**Required work**.
Only these lines are needed: the first line of the entries below through the line with "2nd image of 78 Manhattan Ave APT 5B", each returned exactly.

### Provided records ###

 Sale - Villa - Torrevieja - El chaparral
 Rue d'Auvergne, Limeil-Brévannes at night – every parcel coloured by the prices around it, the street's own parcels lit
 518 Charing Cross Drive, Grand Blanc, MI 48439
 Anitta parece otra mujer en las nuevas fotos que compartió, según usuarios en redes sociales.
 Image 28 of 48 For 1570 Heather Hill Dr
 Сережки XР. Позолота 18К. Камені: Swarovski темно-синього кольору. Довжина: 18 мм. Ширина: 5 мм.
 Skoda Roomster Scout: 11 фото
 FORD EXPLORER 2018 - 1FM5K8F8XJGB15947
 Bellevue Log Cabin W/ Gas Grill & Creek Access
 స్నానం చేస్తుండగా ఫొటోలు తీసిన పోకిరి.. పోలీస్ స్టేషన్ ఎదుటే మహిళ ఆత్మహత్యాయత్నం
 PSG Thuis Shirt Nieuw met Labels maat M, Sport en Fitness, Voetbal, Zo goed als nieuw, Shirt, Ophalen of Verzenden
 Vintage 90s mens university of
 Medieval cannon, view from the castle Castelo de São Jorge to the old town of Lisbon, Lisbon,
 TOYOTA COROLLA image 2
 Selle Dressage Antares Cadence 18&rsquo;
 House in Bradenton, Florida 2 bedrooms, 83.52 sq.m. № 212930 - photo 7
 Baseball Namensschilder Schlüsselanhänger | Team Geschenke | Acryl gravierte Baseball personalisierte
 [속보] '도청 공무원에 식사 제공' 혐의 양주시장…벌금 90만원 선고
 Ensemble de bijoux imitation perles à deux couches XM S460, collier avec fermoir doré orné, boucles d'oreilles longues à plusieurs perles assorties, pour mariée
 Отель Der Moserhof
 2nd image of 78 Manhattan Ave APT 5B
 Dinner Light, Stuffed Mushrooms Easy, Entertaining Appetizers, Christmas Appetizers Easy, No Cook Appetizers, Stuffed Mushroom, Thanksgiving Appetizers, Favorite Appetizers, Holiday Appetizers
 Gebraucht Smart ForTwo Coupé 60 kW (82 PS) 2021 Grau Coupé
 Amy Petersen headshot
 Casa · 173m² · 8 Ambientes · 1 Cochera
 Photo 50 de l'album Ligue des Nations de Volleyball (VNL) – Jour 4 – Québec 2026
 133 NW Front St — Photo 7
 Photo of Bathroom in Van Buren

###

**Exercise output**.
 Sale - Villa - Torrevieja - El chaparral
 Rue d'Auvergne, Limeil-Brévannes at night – every parcel coloured by the prices around it, the street's own parcels lit
 518 Charing Cross Drive, Grand Blanc, MI 48439
 Anitta parece otra mujer en las nuevas fotos que compartió, según usuarios en redes sociales.
 Image 28 of 48 For 1570 Heather Hill Dr
 Сережки XР. Позолота 18К. Камені: Swarovski темно-синього кольору. Довжина: 18 мм. Ширина: 5 мм.
 Skoda Roomster Scout: 11 фото
 FORD EXPLORER 2018 - 1FM5K8F8XJGB15947
 Bellevue Log Cabin W/ Gas Grill & Creek Access
 స్నానం చేస్తుండగా ఫొటోలు తీసిన పోకిరి.. పోలీస్ స్టేషన్ ఎదుటే మహిళ ఆత్మహత్యాయత్నం
 PSG Thuis Shirt Nieuw met Labels maat M, Sport en Fitness, Voetbal, Zo goed als nieuw, Shirt, Ophalen of Verzenden
 Vintage 90s mens university of
 Medieval cannon, view from the castle Castelo de São Jorge to the old town of Lisbon, Lisbon,
 TOYOTA COROLLA image 2
 Selle Dressage Antares Cadence 18&rsquo;
 House in Bradenton, Florida 2 bedrooms, 83.52 sq.m. № 212930 - photo 7
 Baseball Namensschilder Schlüsselanhänger | Team Geschenke | Acryl gravierte Baseball personalisierte
 [속보] '도청 공무원에 식사 제공' 혐의 양주시장…벌금 90만원 선고
 Ensemble de bijoux imitation perles à deux couches XM S460, collier avec fermoir doré orné, boucles d'oreilles longues à plusieurs perles assorties, pour mariée
 Отель Der Moserhof
 2nd image of 78 Manhattan Ave APT 5B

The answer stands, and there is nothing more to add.